Ricardo Bánffy rbanffy at utopia.com.br
Sun Jun 9 23:24:58 UTC 2002


Gary Fisher wrote:

>Not to, er, beat a dead horse <g> but Squeak windows act *EXACTLY* like
>native (Squeak) windows -- if I do something in Squeak on my Windows machine
>I can know in advance how it will look on your Mac or the next guy's Linux
>box or someone else's browser plugin.  
>
This is _generaly_  a good idea, but it may intimidate non-Squeak users 
(or less computer-savvy people). I know how to sit down in front of 
almost any window manager/GUI combination and get roductive in a short 
time, because I have been exposed to Windows, Mac and a bunch of other 
window managers and GUIs in the Unix world. This is not the same with my 
wife. She learned how to use Windows 9x and doesn't like the Macintosh I 
set up for her use at home (which has a far better screen, keyboard and 
mouse than her notebook). Maybe she doesn't like the way buttons are 
arranged, the way windows resize, the screen font... I can't point 
what's wrong, but fact is, she doesn't feel "at home" with MacOS and 
certainly wouldn't feel at home with any Unix window manager or under 
Squeak.

>That's the idea, IMHO; why should we
>expect Squeak to "respect" each OS' way of doing things rather than
>expecting the OS to respect the programmer's careful development work?
>  
>
We should not promote user or programmer segregation. But we could clone 
or ispire ourselves upon the pluggable look and feel engine in the Swing 
stuff have. This is a valuable asset as it allows users to retain THEIR 
environment. It makes no sense to pull up a simple yes-no dialog with a 
completely alien interface just to have a simple question answered.
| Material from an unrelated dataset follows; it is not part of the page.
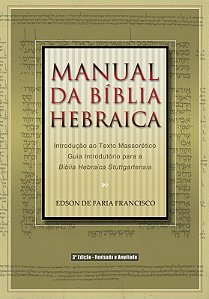 Livro Manual da bíblia hebraica - 3ª edição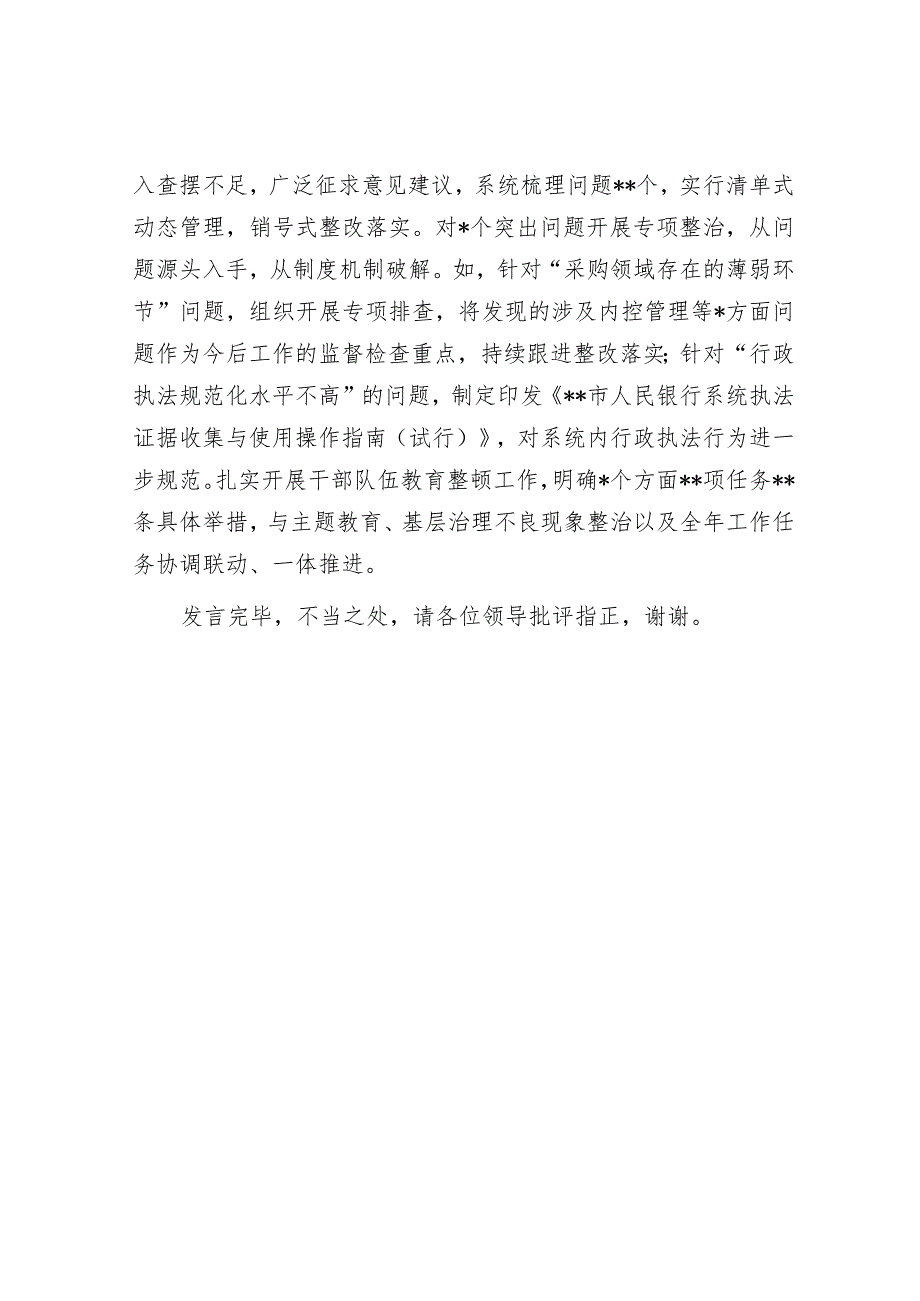 银行在巡回指导组主题教育总结评估座谈会上的汇报发言.docx_第3页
Windows or MacOS or the various GUI toolkits we have today are not the 
programs that do janitorial work for the computer. We should not confuse 
the GUI with the OS (the computer janitor), but we can correlate, to a 
high degree in at least 99% of the desktop computer market, the GUI 
toolkit with the OS. Windows users expect their programs to share 
behaviour and when we show them something different, they tend to reject it.

It may not be the best that could happen (in fact, it is not), but it 
seems to be the way it is.

As for the not happy-happy post, thank you. Change is neccessary for growth.